Massachusetts alone will need 23 GW of OSW to reach our goal of net zero by 2050. SAFE believes now is the time to invest in OSW and that sending a signal to developers is important. The era of fossil fuels is over and the future of energy is renewable. SAFE believes these bills need to be enacted in advance of the 2024 lease auction to send a signal to both developers and BOEM.

Additionally, the House bill would increase training and employment opportunities in the industry for Massachusetts residents, with preference going to veterans and to residents living in neighborhoods adjacent to the port infrastructure sites. All jobs would also be covered by Project Labor Agreements, ensuring high-quality union jobs. The bill also addresses environmental justice concerns, which Gozemba focused on in her testimony.

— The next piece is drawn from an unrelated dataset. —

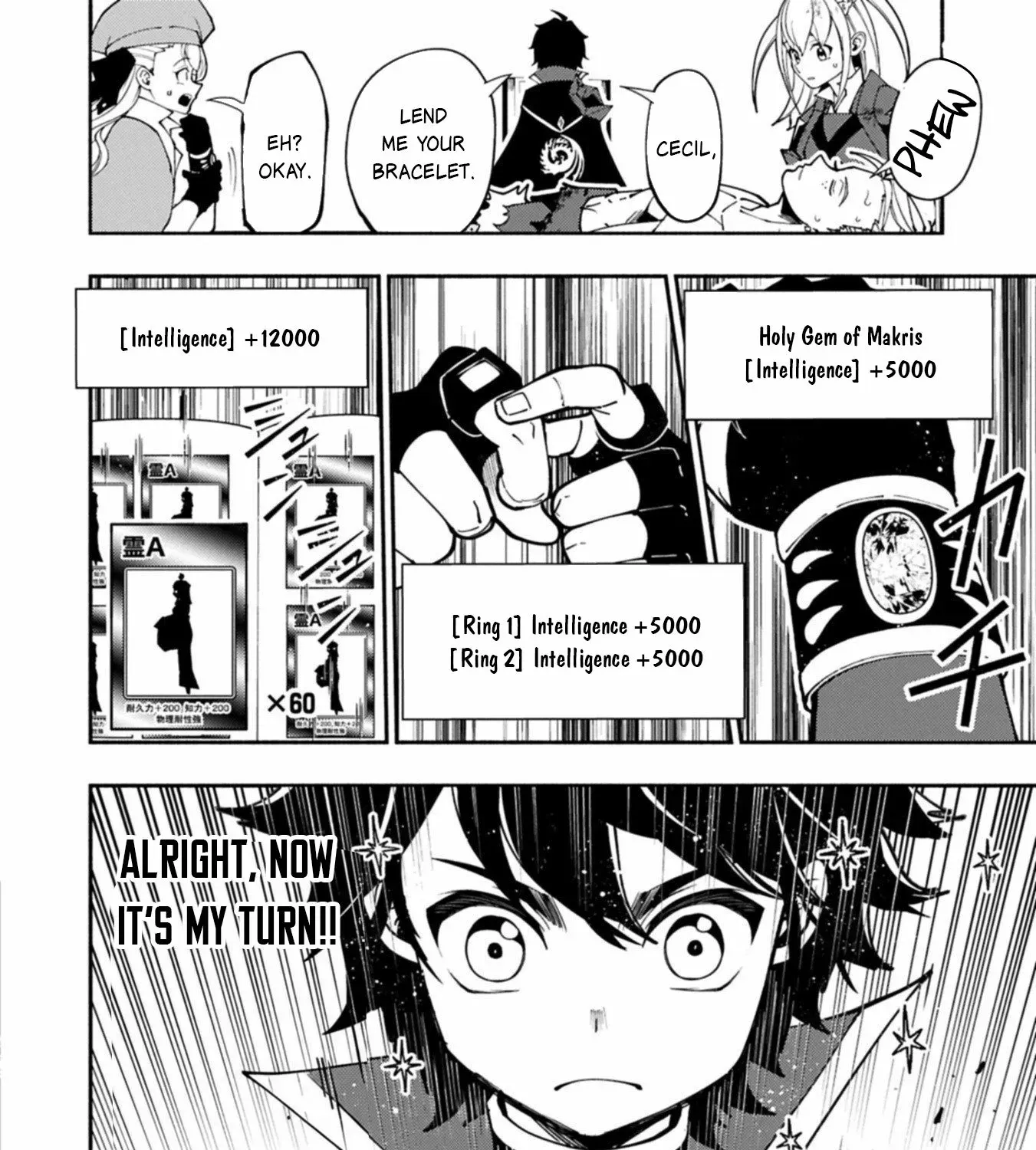 Read Hell Mode ~Yarikomi Suki no Gamer wa Haisettei no Isekai de Musou Suru~ Hajimari no Shoukanshi EN Manga Online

Salem is very familiar with the promise of offshore wind. In the 18th century, our community was at the heart of the age of the clipper ship and foreign trade that brought great riches to some in Salem and beyond. Evidence of the great wealth that came to some people in Salem from those offshore wind enterprises is in the stately architecture of the Chestnut Street Neighborhood or Hamilton Hall or the holdings of the Peabody Essex Museum. That wealth persists, and we invite you to visit and appreciate it. But we also want you to think about the workers who made that wealth possible.

What persists are the challenges for the working men and women of Salem who in the 18th century and today lived or live in more modest and sometimes even severely challenged housing situations. There is a tale of two cities in Salem: the tale of those who extracted great wealth from the use of offshore wind and the tale of those who survived working in dangerous conditions for subsistence wages that did not support a family and who then had to live in less than adequate and healthy housing conditions.

Of course, the neighborhood where most new immigrants live and get their first foothold in Salem, The Point Neighborhood, is far different from the Chestnut Street Neighborhood. Like many immigrant neighborhoods it is densely packed and suffers from food and housing insecurity but, of course, contributes enormous power in terms of workforce, culture, and the overall vibrancy of our city.

SAFE, working in alliance with our partners in the Point Neighborhood Association and the Latino Leadership Coalition, is committed to assuring that the Offshore Wind Revolution is more than an extractive exercise in wealth attainment for the more privileged and is poised to bring good-paying family-supporting jobs. The gap of opportunity for all can be bridged to some degree by a carefully thought out and equitable workforce development process that provides opportunity to all. We have people in Salem and in our surrounding communities who want jobs in Offshore Wind—who want equitable opportunity.

Both of these bills set ambitious targets for developing and deploying OSW to meet the state’s clean energy goals. SAFE is committed to meeting these goals while ensuring a just transition that secures quality jobs, clean air, and increased economic opportunities for those in our community who have borne the burdens of pollution created by our fossil fuel energy infrastructure.